**RECORD EXCERPTS**
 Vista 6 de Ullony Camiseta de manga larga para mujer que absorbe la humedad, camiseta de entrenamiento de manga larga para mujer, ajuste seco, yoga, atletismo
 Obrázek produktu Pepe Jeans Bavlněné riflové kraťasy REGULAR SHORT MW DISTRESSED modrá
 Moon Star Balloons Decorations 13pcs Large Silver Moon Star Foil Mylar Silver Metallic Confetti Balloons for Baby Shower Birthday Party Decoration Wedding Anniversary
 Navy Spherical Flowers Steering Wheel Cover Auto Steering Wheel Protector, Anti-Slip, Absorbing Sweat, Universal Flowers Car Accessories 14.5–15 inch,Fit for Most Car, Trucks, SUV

--

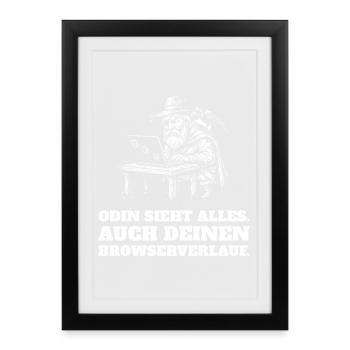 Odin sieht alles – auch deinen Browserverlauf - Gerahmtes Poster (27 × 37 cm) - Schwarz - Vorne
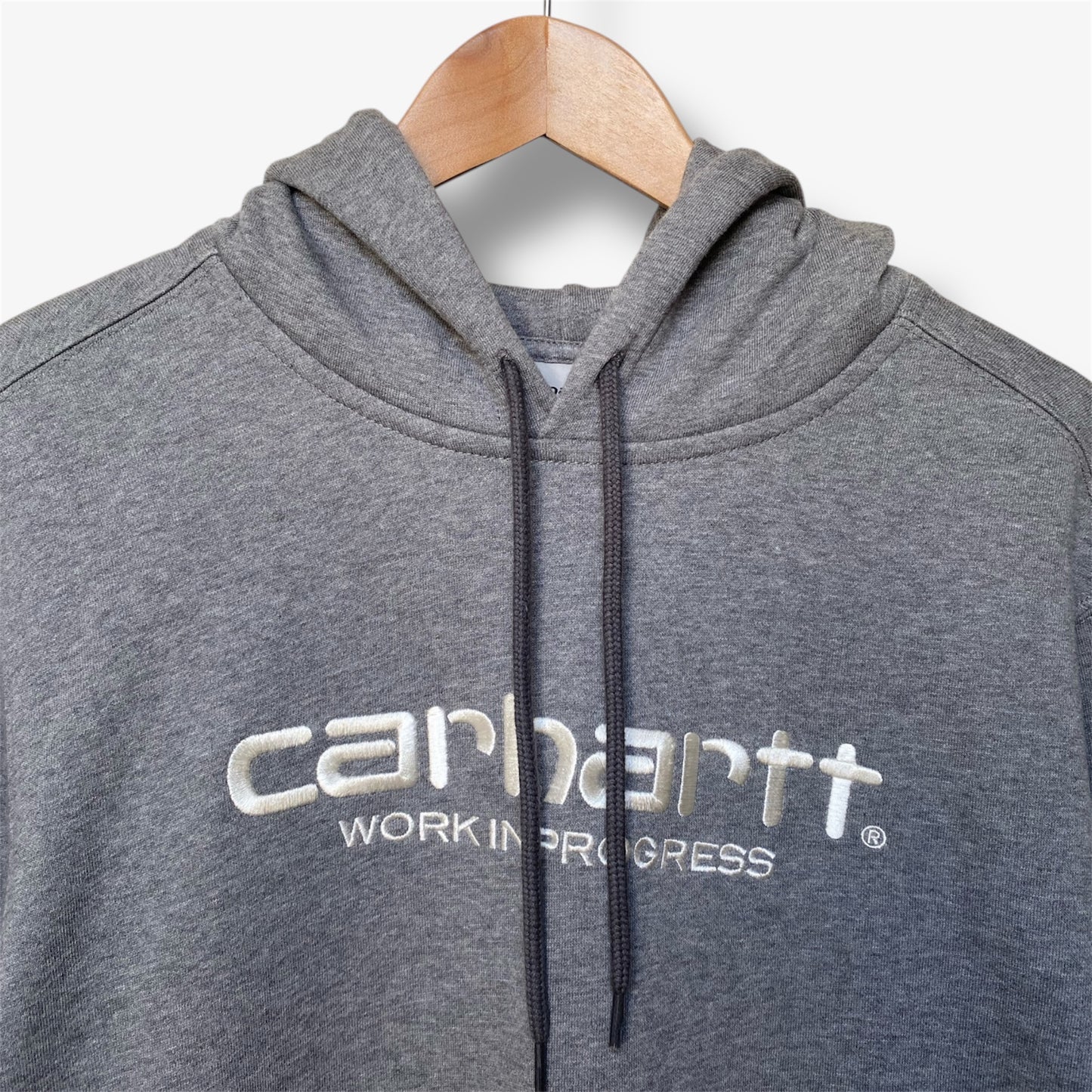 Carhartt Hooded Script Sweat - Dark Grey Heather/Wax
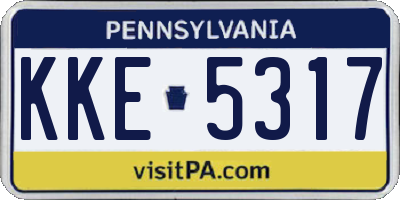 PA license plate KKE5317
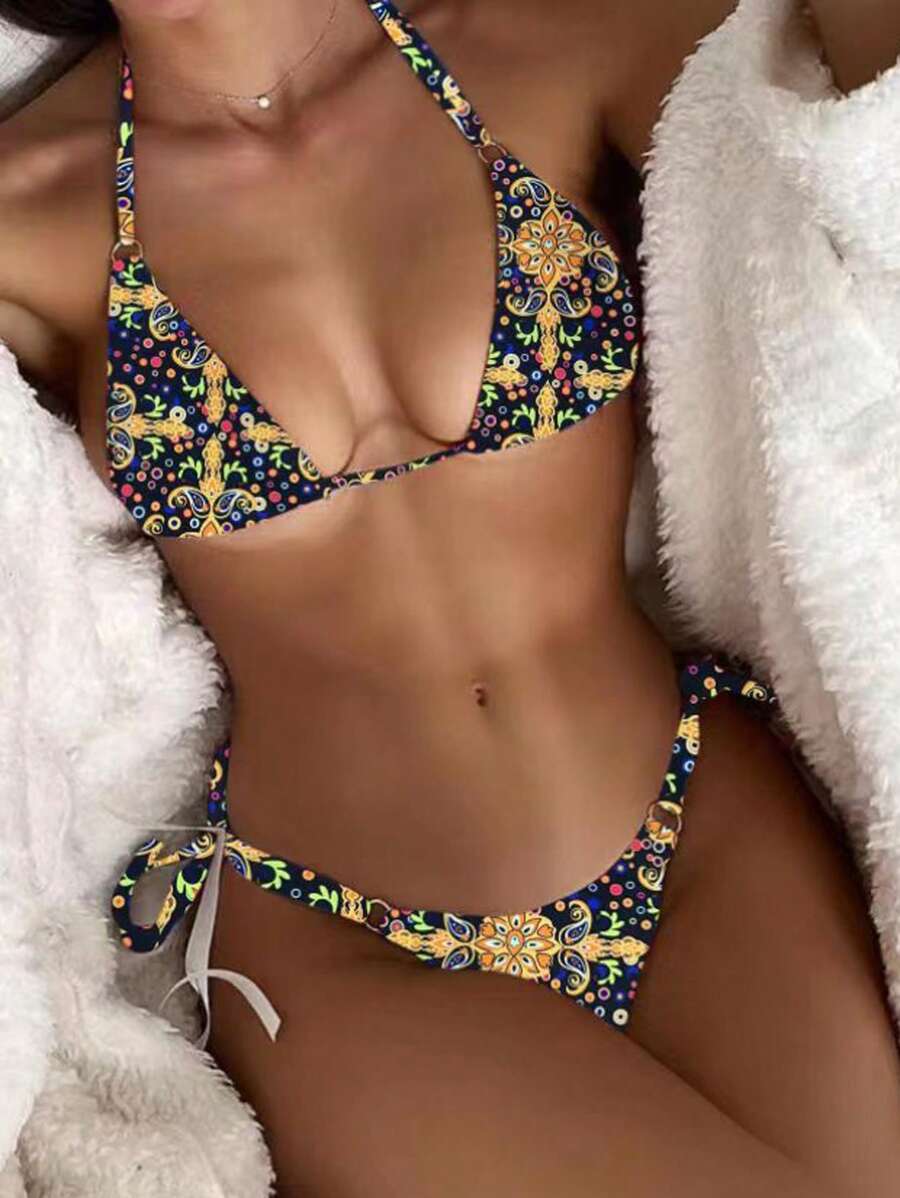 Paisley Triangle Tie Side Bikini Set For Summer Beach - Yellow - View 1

**DIRECTIONS FOR THIS TASK**
Above are the records. Copy word for word only their lines from the one holding "Carhartt Hooded Script" through the one holding "Paisley Triangle Tie", both included, and skip the images.

**ANSWER SECTION**
 Carhartt Hooded Script Sweat - Dark Grey Heather/Wax
 PA license plate KKE5317
 Paisley Triangle Tie Side Bikini Set For Summer Beach - Yellow - View 1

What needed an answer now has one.